## Task to complete
Copy the records below line by line and word for word, from the very first line through the line with "The image shows", omitting each picture.

## Data in this exercise
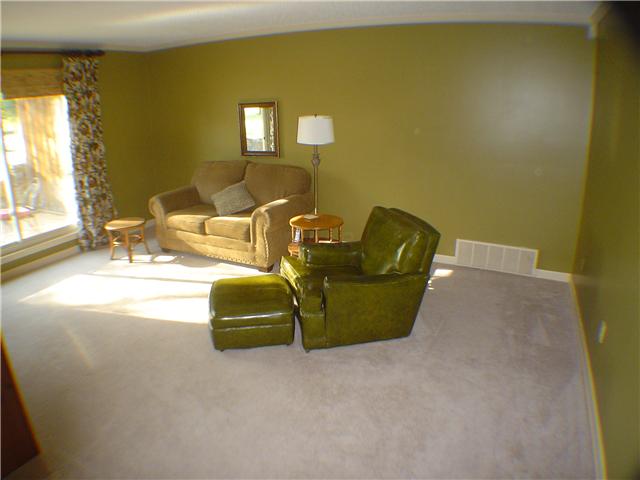 8114 Donnell Road Millington, TN 38053 - Photo 8 of 10 Spacious Living Room with carpet and designer colors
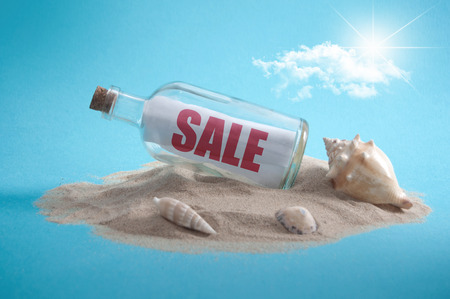 Sale sign inside a message bottle on a sandy islandの写真素材
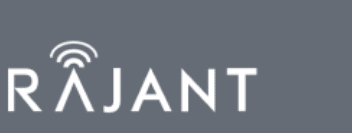 The image shows the RAJANT logo in white text on a gray background. The letter "A" in "RAJANT" has three curved lines above it, resembling a wireless signal symbol.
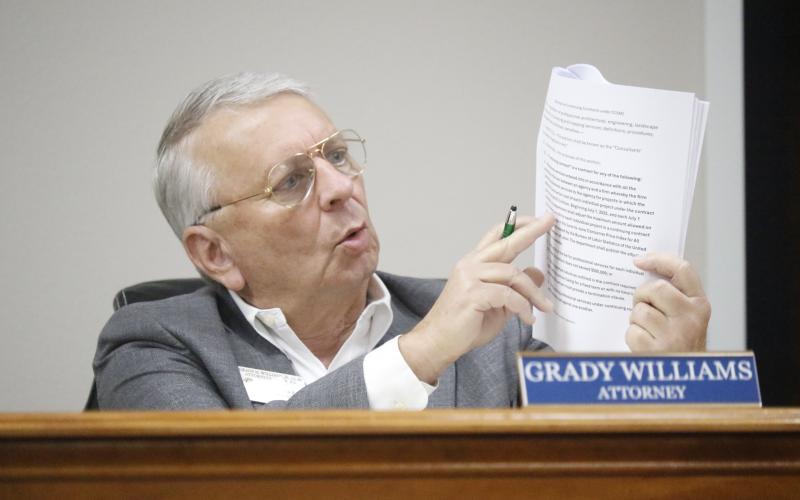 North Florida Water Utilities Authority Attorney Grady Williams talks to the board about the policy on how staff will select engineers on continuing services contracts for future projects. (JAMIE WACHTER/Lake City Reporter)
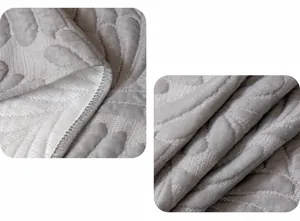 Close-up of grey cooling ice silk sofa cover featuring quilted leaf texture and fine seams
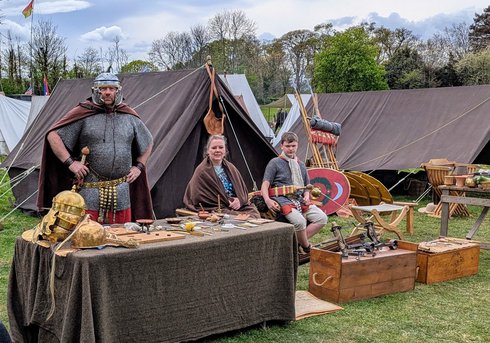 Historical reenactment camp with people in period costumes, tents, shields, helmets, and wooden tables with various items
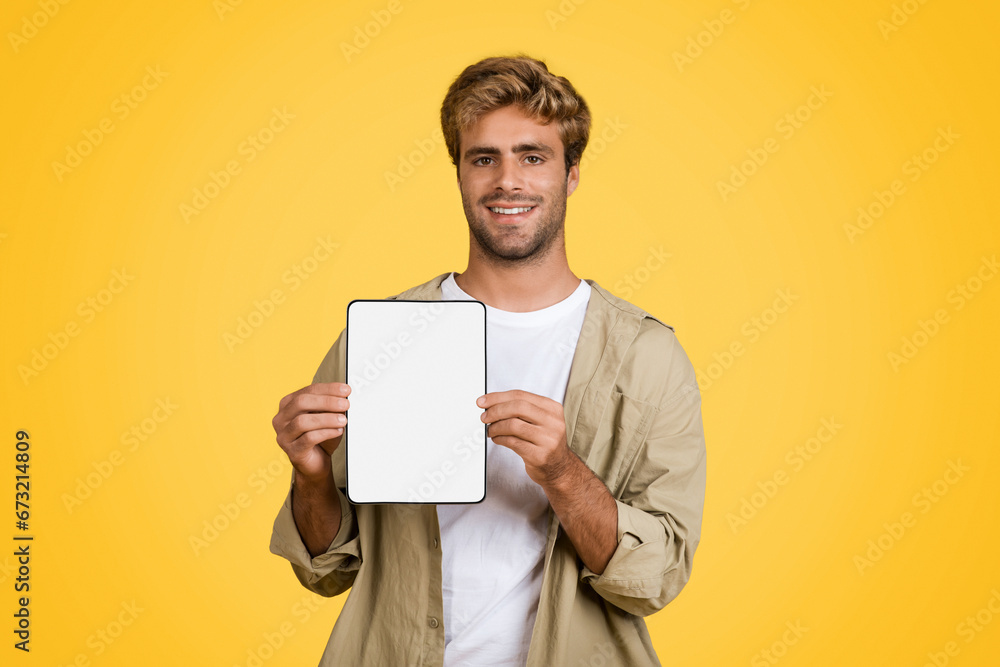 European man displays tablet with blank screen, yellow backdrop European man displays tablet with blank screen, yellow backdrop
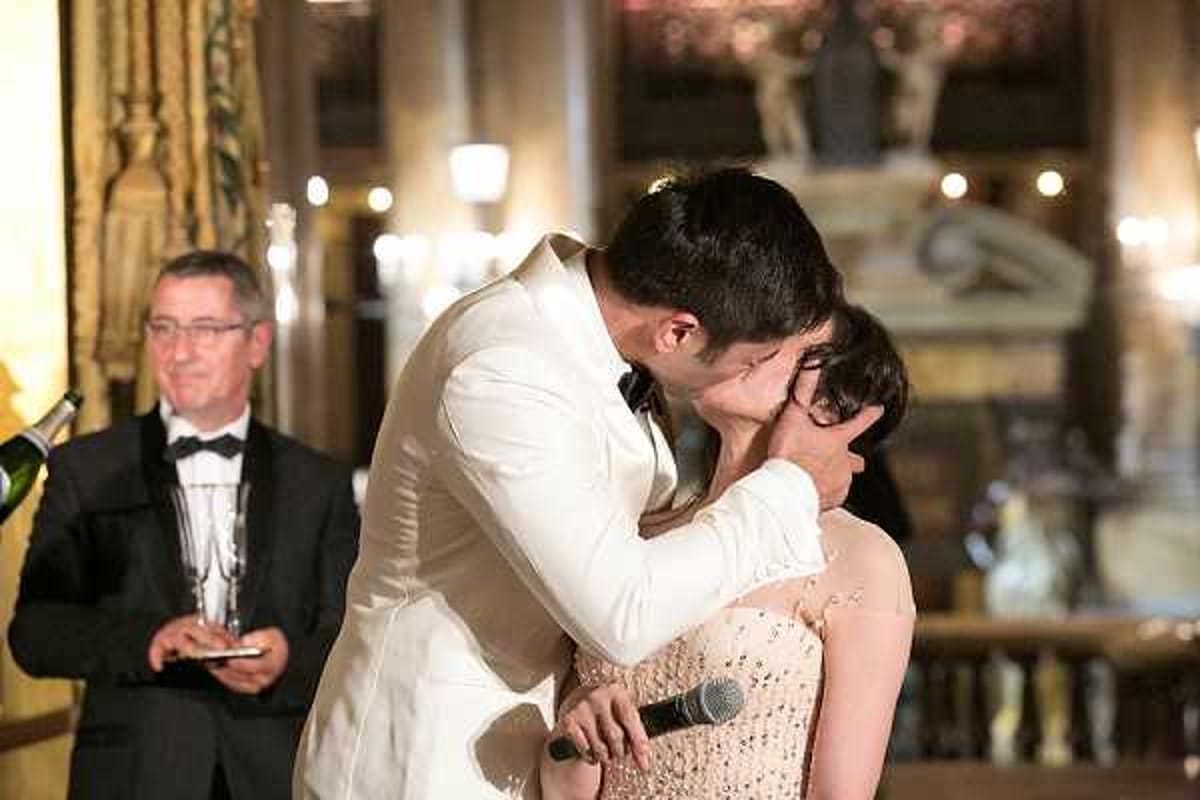 The groom, wearing a white dinner jacket with a black bow tie, leans in to kiss the bride during what appears to be a reception speech moment, as he holds a microphone in one hand. The bride is wearing a blush/champagne sequined or beaded strapless gown. In the background, a man in a black tuxedo and bow tie watches the moment, holding a champagne flute and bottle, likely a wedding host or MC. The setting is an ornate indoor reception hall with warm ambient lighting, gold drapery, and an elaborate decorative fountain or sculptural piece visible in the background, suggesting a classic French chateau or palace-style venue. The shot is a medium close-up portrait capturing the candid kiss.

## Solution for this task
 8114 Donnell Road Millington, TN 38053 - Photo 8 of 10 Spacious Living Room with carpet and designer colors
 Sale sign inside a message bottle on a sandy islandの写真素材
 The image shows the RAJANT logo in white text on a gray background. The letter "A" in "RAJANT" has three curved lines above it, resembling a wireless signal symbol.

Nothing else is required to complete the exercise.